Where the Crawdads Sing
In 1974, Mark and Delia Owens met in a protozoology class at the University of Georgia. A visiting scientist told them about Africa’s disappearing wilderness, reporting “More than two-thirds of its wildlife had already been eliminated, pushed out of its habitats by large ranches and urban sprawl.” And in the southern regions, “thousands of predators were being trapped, shot, snared, and poisoned to protect domestic stock.” Perhaps what shocked the two young idealistic students the most was learning that in some African nations, conservation policies and practices were virtually nonexistent.
In their 1984 book, Cry of the Kalahari: Seven Years in Africa’s Last Great Wilderness, the couple wrote, “We became determined to study an African carnivore in a large, pristine wilderness and use the results of our research to help devise a program for the conservation of that ecosystem. Perhaps, also, we simply wanted to see for ourselves that such wild places still exist.” They feared that if they didn’t go immediately, there might be little left to study. They would go on to conduct research and conservation projects on endangered species in Africa for 23 years, co-authored three books, and appeared in a 1988 National Geographic documentary, “African Odyssey.”
Of their solitary years in Botswana’s vast Central Kalahari Desert, they wrote “we were the only two people, other than a few bands of Stone Age Bushmen, in an area larger than Ireland.” When asked if they ever saw anybody, Delia Owens replied, “No. Not unless people came to our camp, and that was very, very rare.” Now divorced from Mark, Delia has continued to write. At the age of 70, she published her first novel, Where the Crawdads Sing in 2018. It holds the record for the most weeks at #1 on the New York Times Bestsellers list for Hardcover Fiction and continues to be a phenomenon with fans and book clubs. While on book tours, she finds herself on stage speaking to packed audiences—a rather terrifying experience for a woman who has spent years of her life living in isolation. It is precisely there, in that solitary place we go when the world is too much, that Owens connects with her readers.
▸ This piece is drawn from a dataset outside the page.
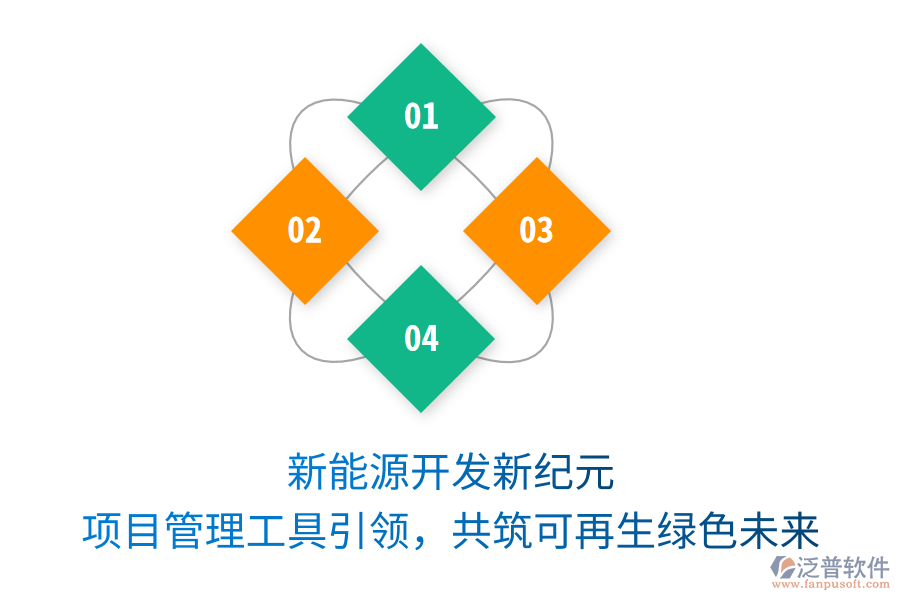 新能源開(kāi)發(fā)新紀(jì)元， 項(xiàng)目管理工具引領(lǐng)，共筑可再生綠色未來(lái)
While I was still living in Missouri, my “Book Club of Two” friend Marjo Price loaned me her own copy of Where the Crawdads Sing. The author’s name immediately rang a bell. I recalled that Kit and I were working at National Geographic when the Owens’ documentary, “African Odyssey,” was produced by the Society. In the summer of 1988, we attended a fundraiser for Delia and Mark Owens organized by the Friends of the Pittsburgh Zoo to help fund the couple’s wildlife conservation efforts in Africa. After viewing the documentary, we shared a table with them at the dinner and learned firsthand details of how they documented the natural history of Kalahari lions and brown hyenas—totally cut off from the outside world.
In my home travel library, I have a copy of the Owens’ first book, Cry of the Kalahari, with this inscription: “For Cathy and Kit, thanks for the pleasure of an evening together and for all you are doing to foster an appreciation of our natural world. Come share a campfire with us sometime. Best wishes always, Mark Owens and Delia Owens, 20 June,1988.” I never had an opportunity to share a campfire with them, but Marjo, her husband Al Price, and their sons had. In that remarkable way that circles come round, I learned that Delia had sent two copies of her novel—published 30 years after Kit and I met her—to Marjo and her son Lake who spent three months in 1979 working in the Owens’ camp when he was fourteen years old.
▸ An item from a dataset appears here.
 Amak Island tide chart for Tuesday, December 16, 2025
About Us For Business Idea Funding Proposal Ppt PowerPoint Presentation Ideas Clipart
The New York Times Book Review has described Where the Crawdads Sing as “Painfully beautiful…At once a murder, a coming-of-age narrative, and a celebration of nature.” It is indeed all that, and oh, so much more. A film adaptation of the novel has been produced by Reese Witherspoon’s film production company and will hit movie theaters in July 2022. Witherspoon read the novel as part of her Instagram book club after its release in 2018. She fell in love with the story that follows a young woman abandoned by her family as a child who survives for years on her own in the marshes of Barkley Cove, North Carolina.
While writing her novel, Delia Owens lived in a remote corner of northern Idaho near the Canadian/Montana border and now lives in the mountains of North Carolina. The seed that blossomed into her novel—set in the remote marshlands along the North Carolina coast not far from Georgia where she grew up—came from something that she often felt while living in a remote camp in Africa—the feeling of being alone and far from home, of living in isolation, and of not having a group to belong to. According to Owens website, “Her research on the importance of female groupings in social mammals influenced her fictional writing. Where the Crawdads Sing explores the behavioral impact on a girl who is forced to live much of her young life without a group.”
I encourage you to read this haunting, beautifully written novel. And join the author’s followers like Kit and me who are now rereading the novel in anticipation of the film adaptation’s summer release.